King's Academy (Arabic Translation: "كينغز أكاديمي") is an independent, co-educational boarding and day school for students in grades 7 to 12 in Madaba-Manja, Jordan. It is named in honor of King Abdullah II of Jordan and seeks to fulfill His Majesty's vision of producing "a new generation of enlightened and creative minds." King Abdullah attended high school at Deerfield Academy in the United States as there was no school of comparable standing in Jordan when he was a boy, but his son Crown Prince Hussein enrolled in the new school's second incoming class (2008). The school's first headmaster, Dr. Eric Widmer, was a past headmaster of Deerfield.

The primary language of instruction at King's Academy is English. Both Arabic-speaking and non-Arabic-speaking students are required to study Arabic. The academy is a member of the G30 Schools group.

Location and campus
The King's Academy campus was designed by an Egyptian architect and Director of the Prince's School of Traditional Arts in London Khaled Azzam. The campus and buildings are constructed on a 575-dunum (144-acre) site and comprise some 35 major buildings.

Athletic facilities
The athletic facilities include a semi-Olympic swimming pool, tennis court, squash court, handball and basketball courts, and cardio and weight training facilities. There is also an outdoor sports stadium that includes a full-size football field, two additional football fields, and a track.

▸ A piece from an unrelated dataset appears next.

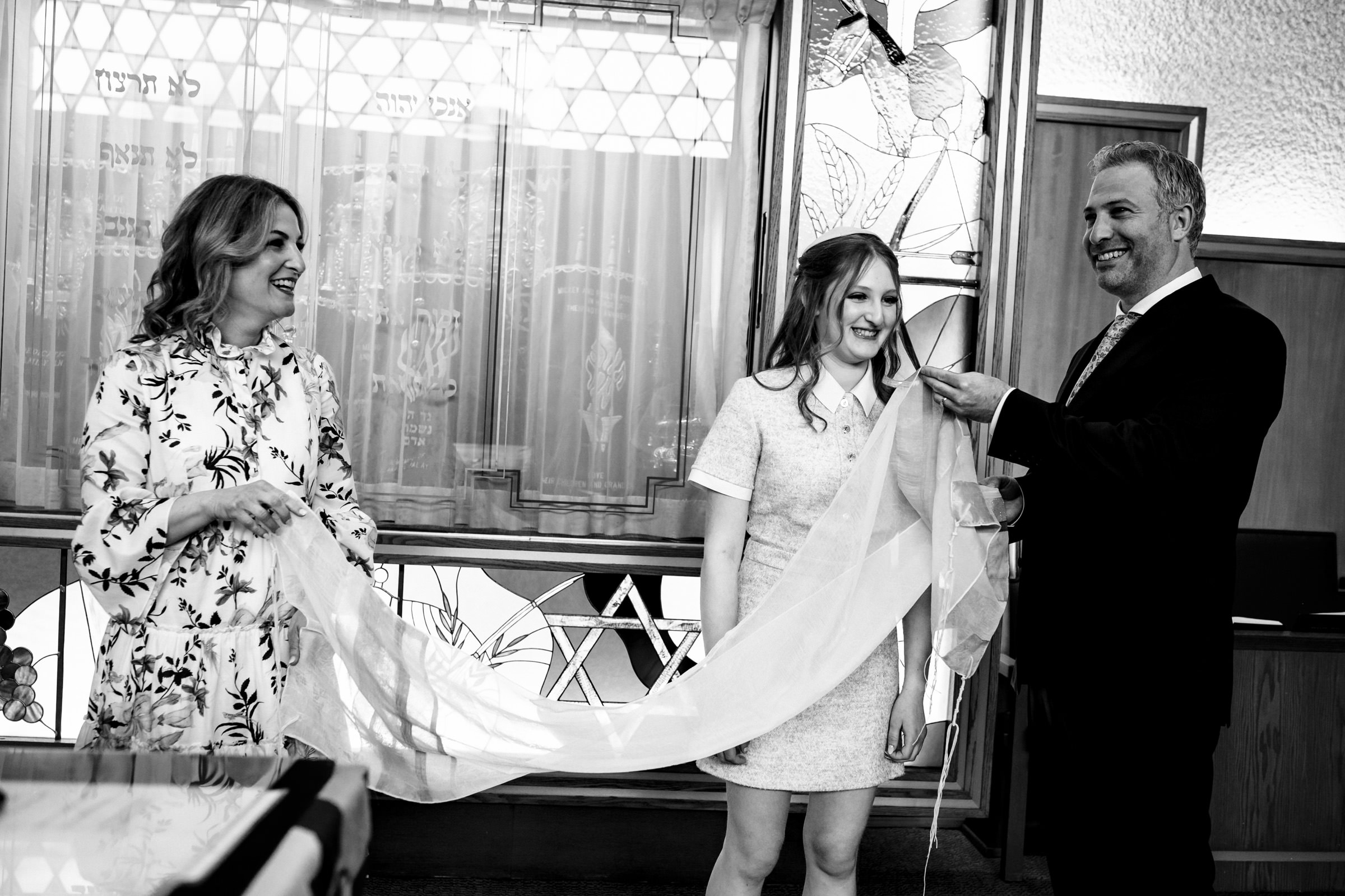 A black and white photo shows three people standing indoors: a smiling woman on the left, a happy girl in the center, and a smiling man on the right holding a sheer fabric over the girl's shoulders. They appear to be participating in a celebratory or religious event.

King Abdullah II Spiritual Center
The King Abdullah II Spiritual Center is a multi-faith spiritual center that is available for use to all members of the school community, regardless of their faith. Both the indoor prayer room and the open-air courtyard are available for use at all times by students, faculty, staff and campus visitors.

The Abdul Majeed Shoman Auditorium
The Abdul Majeed Shoman Auditorium holds 700 people and is the location of both school and community events including concerts, student recitals, plays and dance performances. Students and faculty members gather here for weekly school meetings.

The Sheikh Jabir Al-Ahmad Al-Sabah Building
The building has a total area of 2,200 square meters and houses the Middle School, the Office of the Headmaster, and the Office of Admissions.
The Middle School comprises 10 classrooms, two fully equipped science labs, an art wing, a study lounge and a large multipurpose room, in addition to the dean's office and the school counselor's office. The building is fully accessible with an elevator and additional ramps.

The HRH Sheikh Mohammed Bin Rashid Al Maktoum Library
For use by students, faculty, staff and guests of King's Academy, the HRH Sheikh Mohammed Bin Rashid Al Maktoum Library holds 50,000 volumes. The building is outfitted with wireless internet, reading tables and study spaces, including a circular reading room (a rotunda) that overlooks the campus.

Student body
The King's Academy campus was built to accommodate both day and boarding students, the latter comprising about 70 percent of the student body.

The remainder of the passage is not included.